*TASK REQUIREMENTS*
Could you retype the whole listing word for word and drop the images?

• • • •

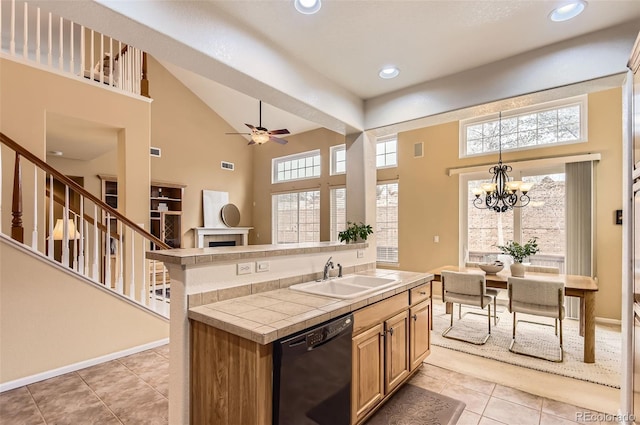 kitchen featuring sink, light tile patterned floors, dishwasher, a high ceiling, and tile counters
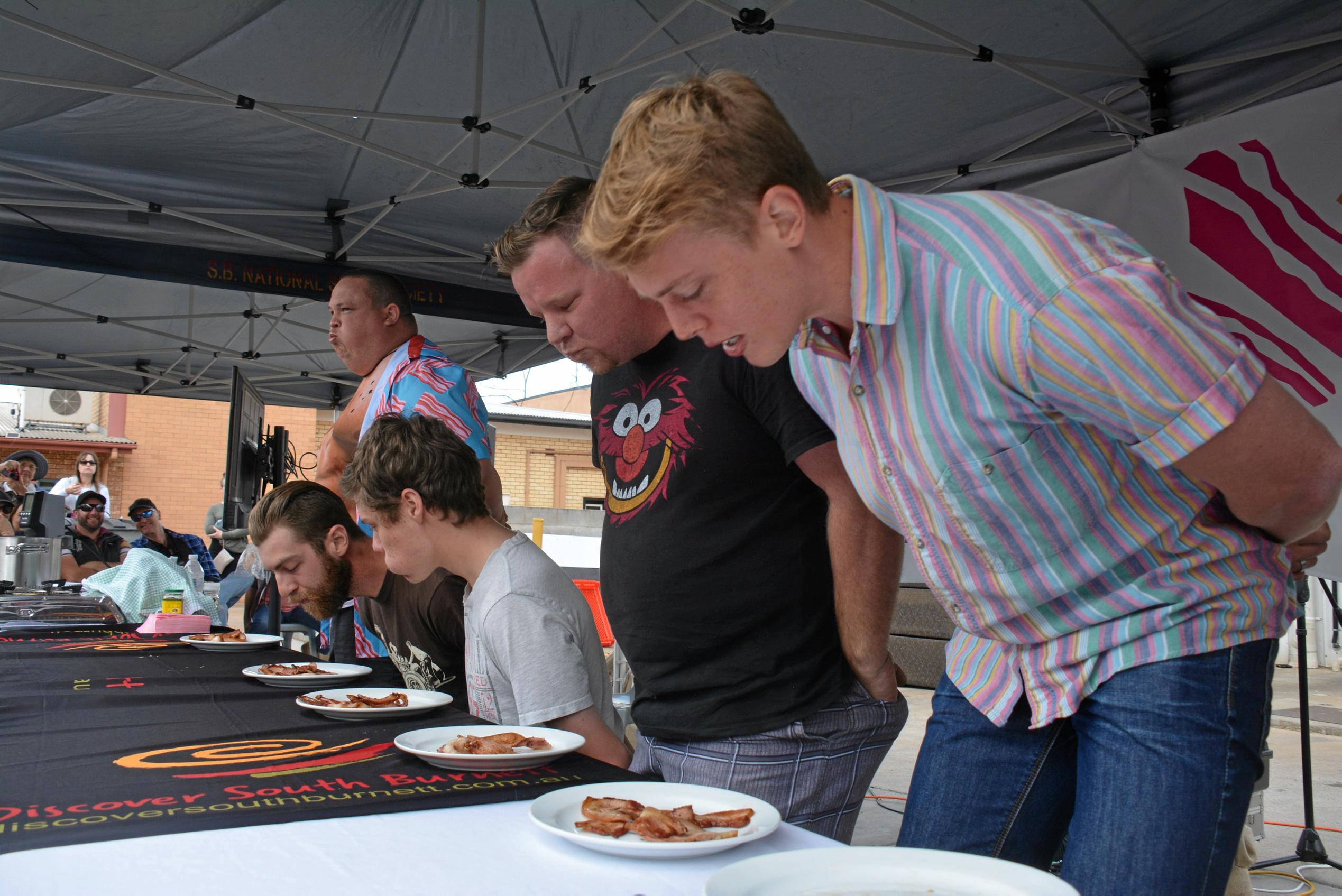 Competitors fight for the top spot at the bacon eating competition during Kingaroy's BaconFest on Saturday August 25. Picture: Jessica McGrath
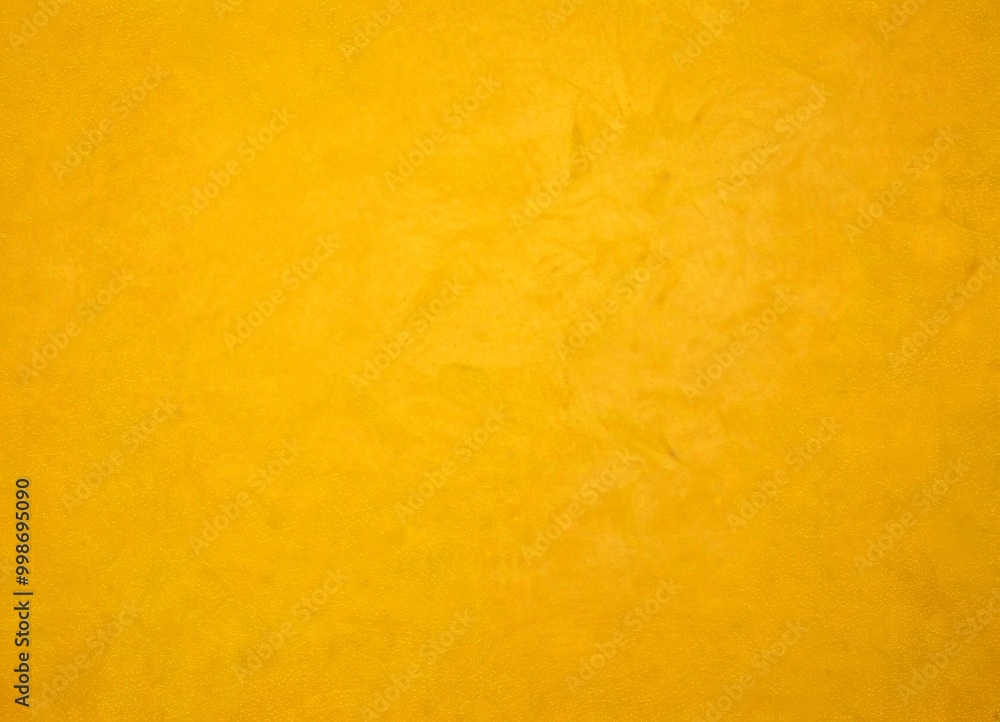 Poster a close-up view textured yellow surface, possibly a wall or a piece of paper, with a subtle pattern or design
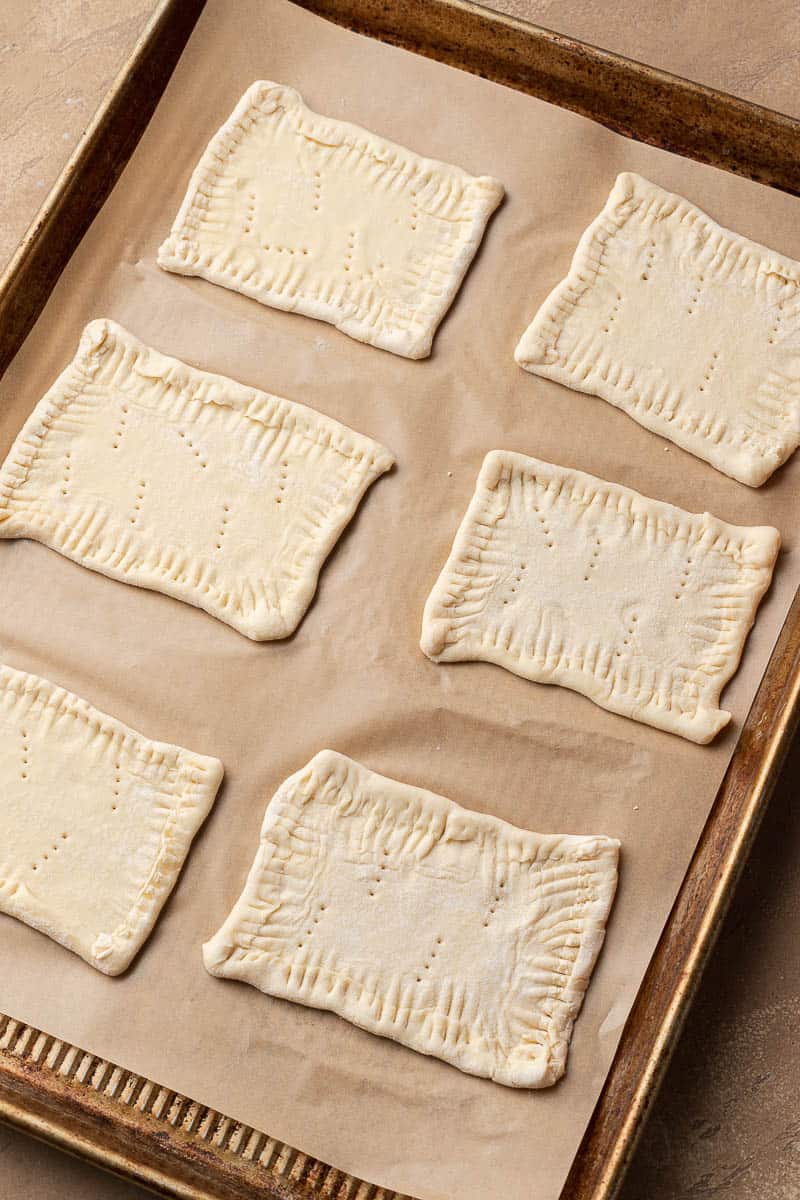 Six unbaked rectangular pastries with crimped edges on parchment paper on a baking sheet.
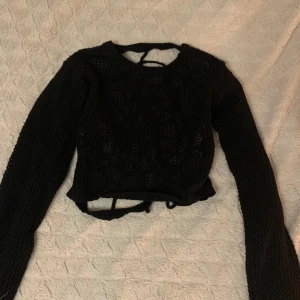 Svart stickad tröja med spindelnätsmönster - Säljer en unik svart stickad tröja med ett coolt spindelnätsmönster på ryggen. Tröjan är croppad och har långa ärmar:)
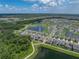 Scenic aerial shot of a residential area featuring homes, lakes and community greenery at 12931 Twin Bridges Dr, Riverview, FL 33579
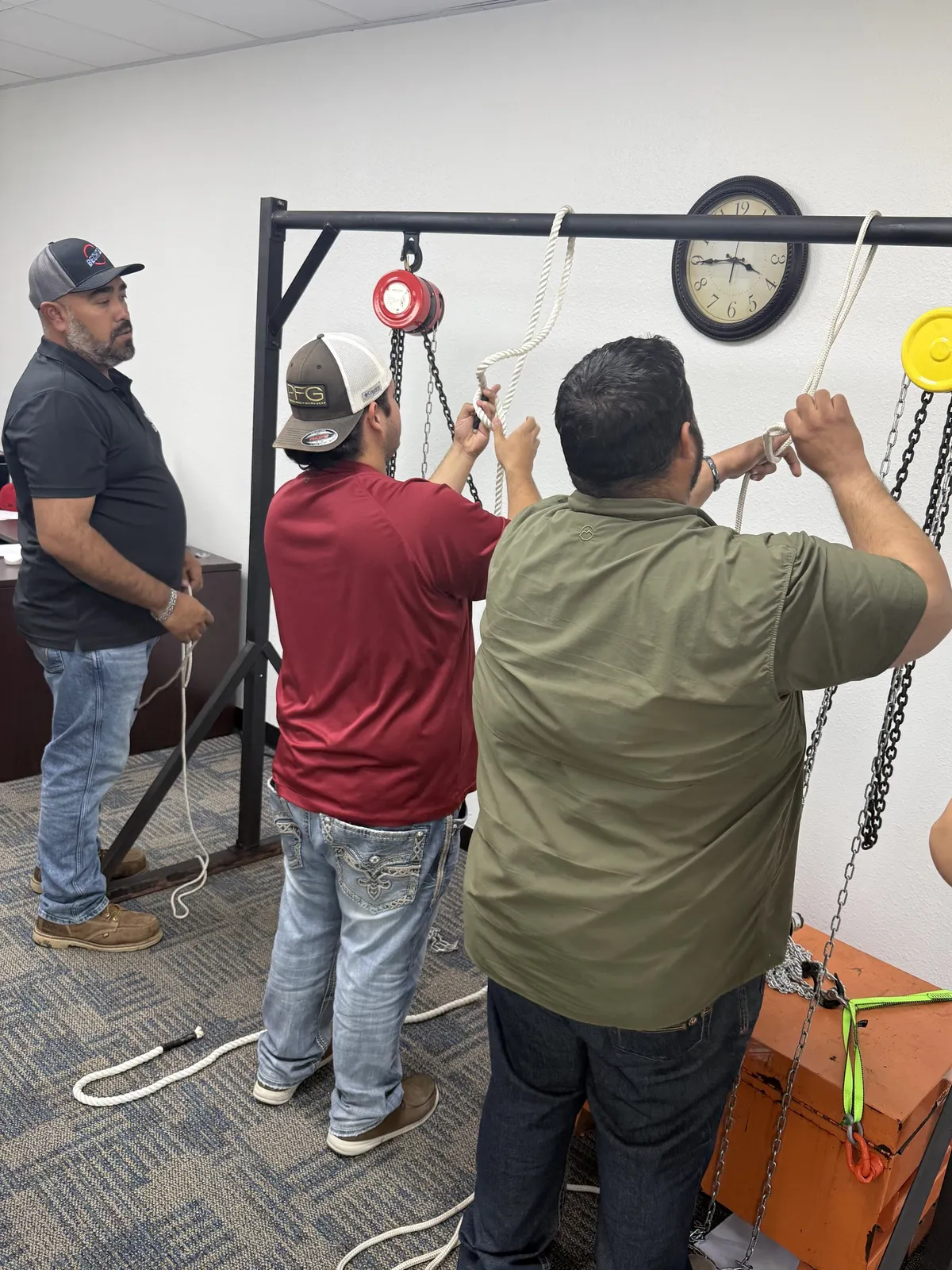 Students tying the two most important knots in rigging on the training gantry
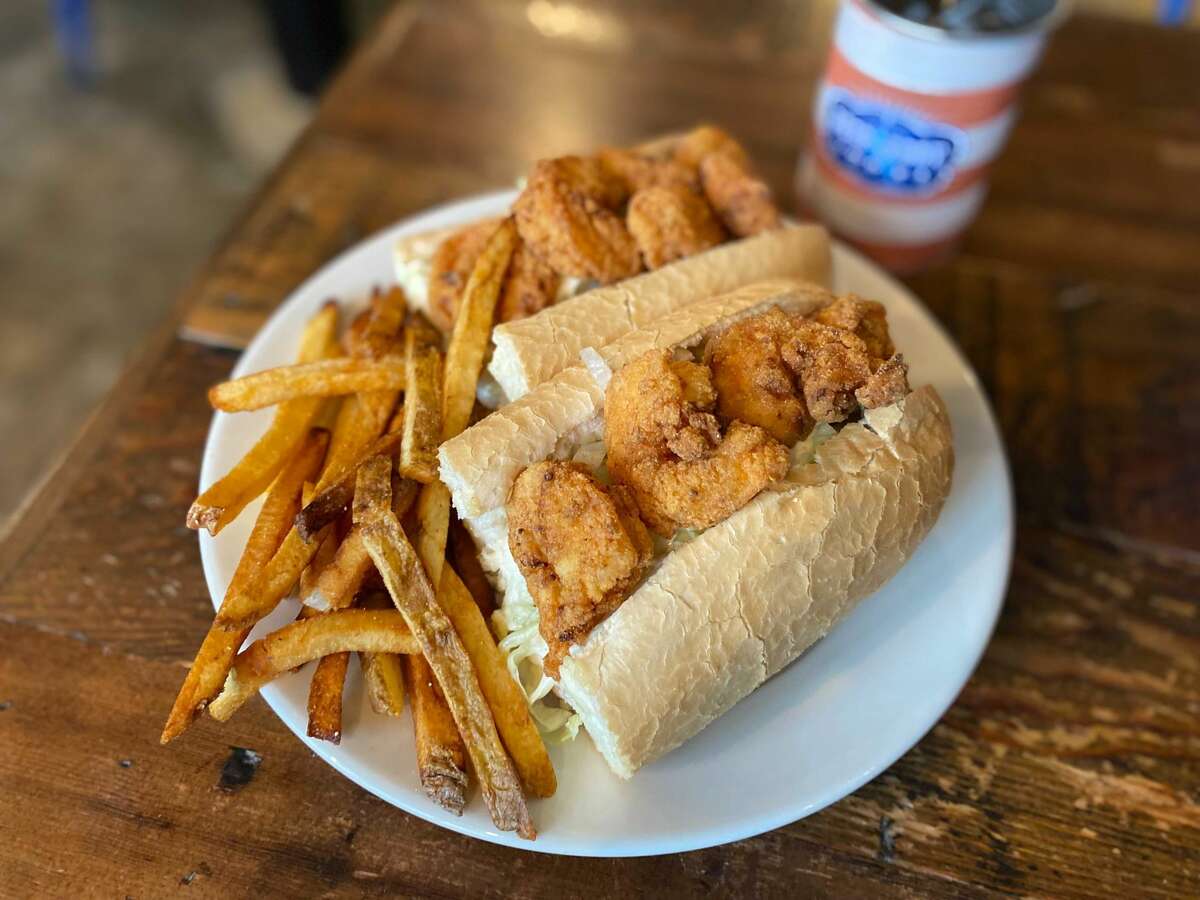 A fried shrimp po’boy, made with Gulf shrimp and served with tartar sauce, lettuce, tomato and fries.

• • • •

*RESPONSE BOX*
 kitchen featuring sink, light tile patterned floors, dishwasher, a high ceiling, and tile counters
 Competitors fight for the top spot at the bacon eating competition during Kingaroy's BaconFest on Saturday August 25. Picture: Jessica McGrath
 Poster a close-up view textured yellow surface, possibly a wall or a piece of paper, with a subtle pattern or design
 Six unbaked rectangular pastries with crimped edges on parchment paper on a baking sheet.
 Svart stickad tröja med spindelnätsmönster - Säljer en unik svart stickad tröja med ett coolt spindelnätsmönster på ryggen. Tröjan är croppad och har långa ärmar:)
 Scenic aerial shot of a residential area featuring homes, lakes and community greenery at 12931 Twin Bridges Dr, Riverview, FL 33579
 Students tying the two most important knots in rigging on the training gantry
 A fried shrimp po’boy, made with Gulf shrimp and served with tartar sauce, lettuce, tomato and fries.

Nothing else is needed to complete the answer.